Jacobson T A
Department of Medicine, Emory University School of Medicine, Thomas K. Glenn Memorial Bldg., 69 Butler St. S.E., Atlanta, GA 30303, USA.
Curr Atheroscler Rep. 2001 Sep;3(5):373-82. doi: 10.1007/s11883-001-0075-y.
For the care of an expanding segment of the US population with multiple coronary risk factors, combination lipid-altering therapy is emerging as a treatment imperative. The most recent National Cholesterol Education Program's consensus guidelines emphasize long-term global coronary heart disease (CHD) risk status, designate patients with CHD risk equivalents (eg, diabetes, peripheral arterial disease, 20% or more 10-year absolute CHD risk) for aggressive lipid-altering therapy, and deem the metabolic syndrome (eg, obesity, insulin resistance, hypertension, elevated triglycerides, low levels of high-density lipoprotein cholesterol, small dense low-density lipoprotein particles) as a secondary target for intervention. With the advancing age of the US population and the high prevalence of diabetes, the metabolic syndrome, and CHD, increasing numbers of patients will require a more balanced metabolic attack attainable only through combination lipid-altering regimens. Many of these patients, as well as persons at heightened risk for cardiovascular disease because of a range of heritable conditions (eg, familial hypercholesterolemia, familial combined hyperlipidemia), will undoubtedly require binary or ternary regimens involving statins in concert with niacin, fibric-acid derivatives, or bile acid resins. Such approaches enable the clinician to exploit the complementary effects of these agents, allowing them to be administered at low, optimally tolerable doses that are consistent with superior efficacy and a lower risk of adverse events as compared with escalating doses of monotherapy.

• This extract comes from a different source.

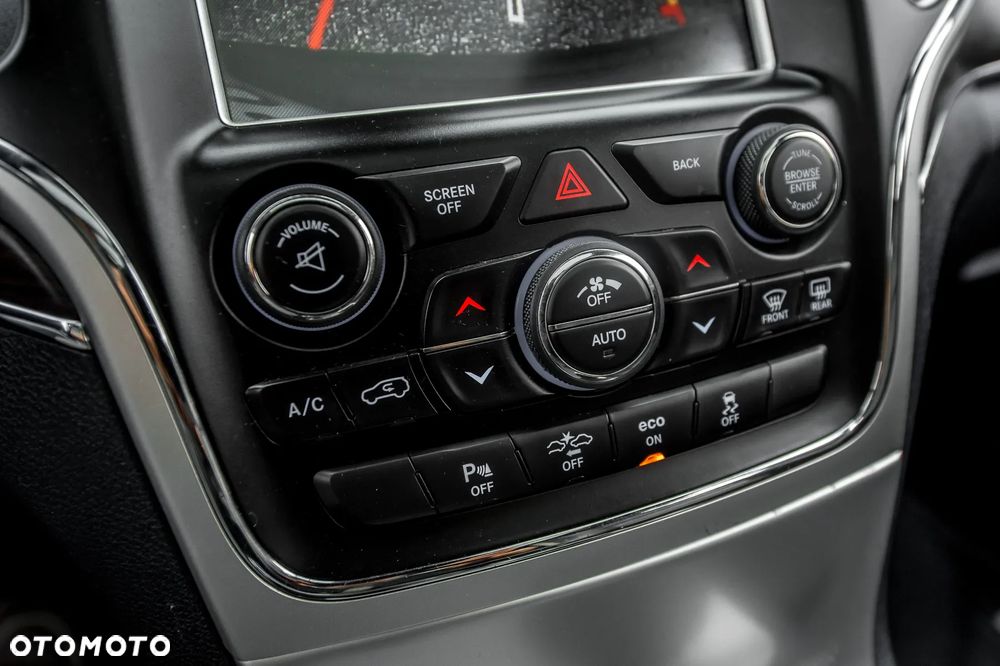 Jeep Grand Cherokee 3.0 CRD Overland Summit - 35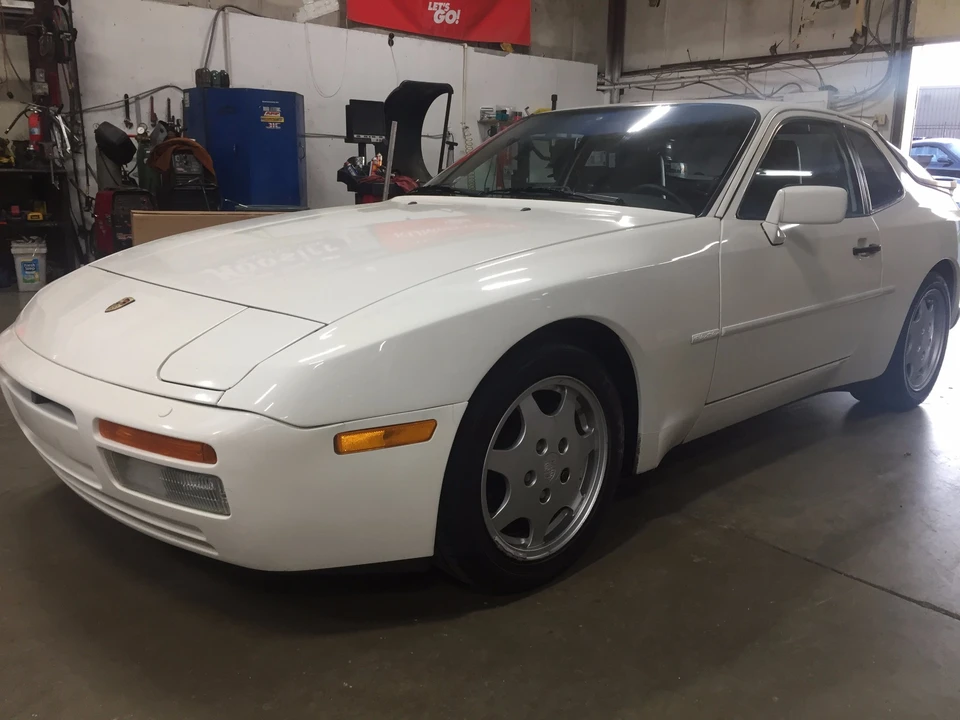 1989 Porsche 944 S2 - Image 15 of 31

为了照料美国人口中不断扩大的具有多种冠心病危险因素的群体,联合调脂治疗正成为一种必要的治疗方法。美国国家胆固醇教育计划的最新共识指南强调长期的全球冠心病(CHD)风险状况,指定患有冠心病风险等同症(如糖尿病、外周动脉疾病、10年绝对冠心病风险达20%或更高)的患者接受积极的调脂治疗,并将代谢综合征(如肥胖、胰岛素抵抗、高血压、甘油三酯升高、高密度脂蛋白胆固醇水平低、小而密的低密度脂蛋白颗粒)视为二级干预靶点。随着美国人口老龄化以及糖尿病、代谢综合征和冠心病的高患病率,越来越多的患者将需要一种更平衡的代谢治疗方案,而这只有通过联合调脂方案才能实现。这些患者中的许多人,以及由于一系列遗传性疾病(如家族性高胆固醇血症、家族性混合性高脂血症)而心血管疾病风险增加的人,无疑将需要二元或三元治疗方案,将他汀类药物与烟酸、纤维酸衍生物或胆汁酸树脂联合使用。这种方法使临床医生能够利用这些药物的互补作用,使它们能够以低的、最佳耐受剂量给药,与单药治疗剂量递增相比,这些剂量具有更高的疗效和更低的不良事件风险。